This article describes my build of a Radio-Kits SWR meter (v1.1) and post implementation review.
- HF coverage – 1.8-30MHz
- Displays VSWR, forward power, reverse power and supply voltage
- Peak reading power meter
- Bar graph or numerical format
- Reverse power alarm with adjustable threshold
- Auto turn on in presence of RF – sensitivity about 1 watt
- Optional turn off after preset time – 10-240 seconds
- Backlit LCD display with variable brightness
- Reverse polarity protection
I purchased the kit some years ago, and on receiving it and reviewing the circuit I formed the view that it was likely to have unacceptable Insertion VSWR on 1.8Mhz, and probably 3.5MHz bands… so I lost interest in assembling the kit. However, I have belatedly constructed the kit, calibrated and tested it.

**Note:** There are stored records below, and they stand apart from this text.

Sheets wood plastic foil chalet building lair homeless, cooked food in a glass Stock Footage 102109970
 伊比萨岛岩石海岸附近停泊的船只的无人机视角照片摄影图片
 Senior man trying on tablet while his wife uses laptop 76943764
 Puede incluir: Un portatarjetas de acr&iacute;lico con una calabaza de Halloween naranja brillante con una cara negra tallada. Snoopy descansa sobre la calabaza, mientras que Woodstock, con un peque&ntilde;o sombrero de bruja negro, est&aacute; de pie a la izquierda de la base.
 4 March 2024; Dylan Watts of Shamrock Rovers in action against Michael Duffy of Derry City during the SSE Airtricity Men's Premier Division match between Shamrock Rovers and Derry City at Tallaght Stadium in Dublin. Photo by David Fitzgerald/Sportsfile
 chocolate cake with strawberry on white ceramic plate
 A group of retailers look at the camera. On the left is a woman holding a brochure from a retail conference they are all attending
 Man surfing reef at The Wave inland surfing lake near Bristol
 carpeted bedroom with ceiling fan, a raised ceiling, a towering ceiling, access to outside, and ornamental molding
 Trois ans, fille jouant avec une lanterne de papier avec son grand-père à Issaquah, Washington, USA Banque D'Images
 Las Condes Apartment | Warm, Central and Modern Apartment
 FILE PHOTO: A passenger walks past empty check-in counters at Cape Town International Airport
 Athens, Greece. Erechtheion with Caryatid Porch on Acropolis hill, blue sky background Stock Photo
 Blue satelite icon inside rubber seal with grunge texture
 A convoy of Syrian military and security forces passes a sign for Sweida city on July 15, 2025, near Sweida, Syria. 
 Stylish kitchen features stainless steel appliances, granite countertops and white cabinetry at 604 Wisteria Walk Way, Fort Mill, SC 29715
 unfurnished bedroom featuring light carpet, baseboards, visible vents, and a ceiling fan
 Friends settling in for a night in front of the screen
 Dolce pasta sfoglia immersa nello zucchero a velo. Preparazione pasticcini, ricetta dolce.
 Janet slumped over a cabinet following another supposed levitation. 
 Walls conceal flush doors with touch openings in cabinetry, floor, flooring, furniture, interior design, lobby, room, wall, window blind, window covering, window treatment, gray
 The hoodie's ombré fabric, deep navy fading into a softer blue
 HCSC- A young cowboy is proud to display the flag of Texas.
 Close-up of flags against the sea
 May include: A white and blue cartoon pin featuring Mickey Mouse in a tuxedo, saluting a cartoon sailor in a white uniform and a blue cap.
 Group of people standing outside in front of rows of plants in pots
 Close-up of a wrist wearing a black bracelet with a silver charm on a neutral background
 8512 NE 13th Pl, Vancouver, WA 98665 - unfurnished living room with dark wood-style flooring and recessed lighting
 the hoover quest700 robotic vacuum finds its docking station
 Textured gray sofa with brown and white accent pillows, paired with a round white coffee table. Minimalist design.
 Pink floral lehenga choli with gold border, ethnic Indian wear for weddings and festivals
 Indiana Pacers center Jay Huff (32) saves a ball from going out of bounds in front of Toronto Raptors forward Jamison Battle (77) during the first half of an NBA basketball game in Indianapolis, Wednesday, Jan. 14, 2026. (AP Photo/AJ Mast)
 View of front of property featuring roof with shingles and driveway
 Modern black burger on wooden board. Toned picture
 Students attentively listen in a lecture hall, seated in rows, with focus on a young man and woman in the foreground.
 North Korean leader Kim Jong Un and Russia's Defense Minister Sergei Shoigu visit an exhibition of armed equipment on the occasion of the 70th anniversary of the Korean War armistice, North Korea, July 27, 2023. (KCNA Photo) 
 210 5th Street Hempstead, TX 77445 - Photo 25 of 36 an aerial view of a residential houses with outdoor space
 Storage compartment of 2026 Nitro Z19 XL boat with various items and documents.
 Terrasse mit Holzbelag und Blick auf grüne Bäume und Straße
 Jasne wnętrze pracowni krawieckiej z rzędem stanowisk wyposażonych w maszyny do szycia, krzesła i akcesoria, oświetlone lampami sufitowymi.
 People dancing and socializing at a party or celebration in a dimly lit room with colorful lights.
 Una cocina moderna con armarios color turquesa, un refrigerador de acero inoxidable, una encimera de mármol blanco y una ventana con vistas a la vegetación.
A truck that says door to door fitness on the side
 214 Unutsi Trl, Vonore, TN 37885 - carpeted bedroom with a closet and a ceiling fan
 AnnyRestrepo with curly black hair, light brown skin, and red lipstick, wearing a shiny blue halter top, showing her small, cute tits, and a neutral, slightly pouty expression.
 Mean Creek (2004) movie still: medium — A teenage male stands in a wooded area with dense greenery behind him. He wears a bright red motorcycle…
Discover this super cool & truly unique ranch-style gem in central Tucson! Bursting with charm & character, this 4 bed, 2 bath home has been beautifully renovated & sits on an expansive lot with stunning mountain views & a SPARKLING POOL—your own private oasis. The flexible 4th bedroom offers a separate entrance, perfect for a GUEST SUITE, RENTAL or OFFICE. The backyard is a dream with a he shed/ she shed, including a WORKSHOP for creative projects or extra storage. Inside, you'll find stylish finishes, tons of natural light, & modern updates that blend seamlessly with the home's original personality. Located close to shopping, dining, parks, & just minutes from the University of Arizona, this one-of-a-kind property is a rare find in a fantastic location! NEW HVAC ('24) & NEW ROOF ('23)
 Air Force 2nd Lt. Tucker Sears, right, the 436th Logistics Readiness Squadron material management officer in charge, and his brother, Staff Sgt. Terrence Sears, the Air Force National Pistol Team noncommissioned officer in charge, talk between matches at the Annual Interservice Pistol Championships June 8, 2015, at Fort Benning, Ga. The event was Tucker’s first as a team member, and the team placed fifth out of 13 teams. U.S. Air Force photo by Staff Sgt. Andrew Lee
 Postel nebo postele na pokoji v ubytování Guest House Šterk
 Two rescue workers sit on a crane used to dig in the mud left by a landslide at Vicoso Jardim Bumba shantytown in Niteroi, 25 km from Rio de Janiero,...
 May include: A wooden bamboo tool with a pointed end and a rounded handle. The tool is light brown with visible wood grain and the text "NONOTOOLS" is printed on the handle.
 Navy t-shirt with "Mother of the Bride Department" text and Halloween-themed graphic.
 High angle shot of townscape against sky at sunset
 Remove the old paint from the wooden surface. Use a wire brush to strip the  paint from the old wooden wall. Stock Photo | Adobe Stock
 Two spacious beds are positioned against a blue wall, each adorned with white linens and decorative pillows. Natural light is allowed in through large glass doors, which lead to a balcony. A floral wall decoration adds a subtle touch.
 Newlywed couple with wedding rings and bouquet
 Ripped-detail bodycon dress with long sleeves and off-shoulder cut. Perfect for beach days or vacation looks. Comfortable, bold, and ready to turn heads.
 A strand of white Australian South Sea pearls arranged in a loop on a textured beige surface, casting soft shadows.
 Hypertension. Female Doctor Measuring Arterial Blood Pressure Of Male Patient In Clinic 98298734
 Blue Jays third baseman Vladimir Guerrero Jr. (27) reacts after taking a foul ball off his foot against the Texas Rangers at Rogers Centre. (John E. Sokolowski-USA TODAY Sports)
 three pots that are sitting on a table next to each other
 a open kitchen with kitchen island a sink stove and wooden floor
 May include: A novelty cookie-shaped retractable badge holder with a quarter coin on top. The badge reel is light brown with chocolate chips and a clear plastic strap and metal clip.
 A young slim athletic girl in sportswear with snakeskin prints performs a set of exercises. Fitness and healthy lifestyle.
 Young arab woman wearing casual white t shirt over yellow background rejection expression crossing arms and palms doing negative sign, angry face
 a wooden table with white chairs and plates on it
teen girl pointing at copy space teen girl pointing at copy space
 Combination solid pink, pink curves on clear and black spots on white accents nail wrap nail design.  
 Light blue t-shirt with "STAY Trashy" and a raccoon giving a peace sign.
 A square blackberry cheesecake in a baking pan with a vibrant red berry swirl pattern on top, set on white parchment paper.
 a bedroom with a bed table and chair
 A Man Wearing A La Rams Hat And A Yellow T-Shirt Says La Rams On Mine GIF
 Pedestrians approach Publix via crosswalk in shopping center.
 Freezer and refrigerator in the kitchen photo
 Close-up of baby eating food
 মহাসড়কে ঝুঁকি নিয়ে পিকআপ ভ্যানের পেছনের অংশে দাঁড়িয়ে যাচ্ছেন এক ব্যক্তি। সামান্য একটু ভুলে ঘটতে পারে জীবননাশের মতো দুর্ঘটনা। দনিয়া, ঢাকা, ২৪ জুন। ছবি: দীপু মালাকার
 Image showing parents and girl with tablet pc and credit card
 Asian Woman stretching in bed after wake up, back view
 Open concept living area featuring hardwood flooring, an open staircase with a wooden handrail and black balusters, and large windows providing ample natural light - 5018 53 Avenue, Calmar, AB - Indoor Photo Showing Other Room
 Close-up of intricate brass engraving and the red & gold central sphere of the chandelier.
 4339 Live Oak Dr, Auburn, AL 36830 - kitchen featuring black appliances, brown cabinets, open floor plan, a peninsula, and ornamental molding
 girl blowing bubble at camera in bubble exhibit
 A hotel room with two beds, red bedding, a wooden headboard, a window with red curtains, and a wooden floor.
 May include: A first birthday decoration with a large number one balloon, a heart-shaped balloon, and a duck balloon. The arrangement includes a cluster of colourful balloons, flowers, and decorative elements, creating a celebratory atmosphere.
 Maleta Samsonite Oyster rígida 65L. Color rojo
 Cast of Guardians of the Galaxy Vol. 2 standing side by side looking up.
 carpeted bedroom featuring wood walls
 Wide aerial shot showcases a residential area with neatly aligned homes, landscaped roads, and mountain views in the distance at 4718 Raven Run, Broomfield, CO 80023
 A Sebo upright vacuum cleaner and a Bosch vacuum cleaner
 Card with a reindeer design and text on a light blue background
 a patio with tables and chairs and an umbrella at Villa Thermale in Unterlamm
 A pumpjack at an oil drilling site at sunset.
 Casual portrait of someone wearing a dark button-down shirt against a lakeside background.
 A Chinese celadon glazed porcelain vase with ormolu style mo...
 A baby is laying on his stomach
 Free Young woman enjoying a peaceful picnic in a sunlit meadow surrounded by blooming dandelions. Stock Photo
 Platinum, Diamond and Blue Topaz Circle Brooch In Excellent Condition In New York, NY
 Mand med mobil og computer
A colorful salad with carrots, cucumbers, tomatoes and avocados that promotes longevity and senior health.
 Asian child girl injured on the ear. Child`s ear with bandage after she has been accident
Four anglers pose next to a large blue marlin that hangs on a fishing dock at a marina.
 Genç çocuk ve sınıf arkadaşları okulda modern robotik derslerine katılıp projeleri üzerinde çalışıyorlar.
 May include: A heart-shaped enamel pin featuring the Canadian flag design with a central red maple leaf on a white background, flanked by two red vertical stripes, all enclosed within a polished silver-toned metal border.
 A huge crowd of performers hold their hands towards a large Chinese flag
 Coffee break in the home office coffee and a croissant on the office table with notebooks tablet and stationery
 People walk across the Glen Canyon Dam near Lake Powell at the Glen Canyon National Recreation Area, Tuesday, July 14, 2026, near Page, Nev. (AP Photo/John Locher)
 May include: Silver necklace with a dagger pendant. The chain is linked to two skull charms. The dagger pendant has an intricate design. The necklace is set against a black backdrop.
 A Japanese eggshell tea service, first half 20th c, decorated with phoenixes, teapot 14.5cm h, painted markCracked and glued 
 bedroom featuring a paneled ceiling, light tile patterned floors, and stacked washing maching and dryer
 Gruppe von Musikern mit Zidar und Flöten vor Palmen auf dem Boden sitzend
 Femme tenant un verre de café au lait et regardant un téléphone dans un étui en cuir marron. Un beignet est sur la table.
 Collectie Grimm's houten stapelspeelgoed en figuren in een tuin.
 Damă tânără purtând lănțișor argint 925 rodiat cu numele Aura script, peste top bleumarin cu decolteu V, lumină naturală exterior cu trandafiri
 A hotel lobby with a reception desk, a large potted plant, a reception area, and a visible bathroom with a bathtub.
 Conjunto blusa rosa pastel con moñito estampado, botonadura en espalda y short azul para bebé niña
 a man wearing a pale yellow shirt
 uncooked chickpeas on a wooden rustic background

The kit is supplied as a PCB and parts, no casework is supplied.
The board was difficult to solder, the strain relieved ground plane connections of components have very little donut to contact for heat transfer and are much harder to solder than the other pads. The strain relief is a dubious feature that makes soldering difficult.
Above, the kit assembled in a die-cast aluminium box. An opening for the LCD was milled into the box, and holes drilled for the rest of the fit up. The kit does not lend itself to this boxing as the buttons out the top and display out the front are a problem to fit up. A poor mechanical design.
Above is the interior of the box showing the LCD display and the external BNC connectors fitted (substituted for the ubiquitous UHF connectors supplied with the kit).
Above, the interior view towards the directional coupler board.
Above, the external rear view showing BNC coax connectors and DC jack.
The directional coupler was a cause for concern. It uses a pair of couplers derived from Sontheimer’s work, or perhaps more familiar to hams as Grebenkember’s Tandem Match. These circuits connect a transformer (or in this case two transformers) in shunt with the through line, and if the magnetising impedance of the primaries is not sufficiently high, it will cause unacceptable Insertion VSWR.
Above is the circuit of the coupler.
The primaries of T1 and T2 are connected in shunt with the through line. The primary in each case is a 23t winding on a 12.7x7x4.8mm ferrite core of material somewhat similar to Fairrite’s #61.
Above is a sweep of magnetising impedance of one transformer primary. Z is too low on the lower bands and is certain to cause unacceptable Insertion VSWR.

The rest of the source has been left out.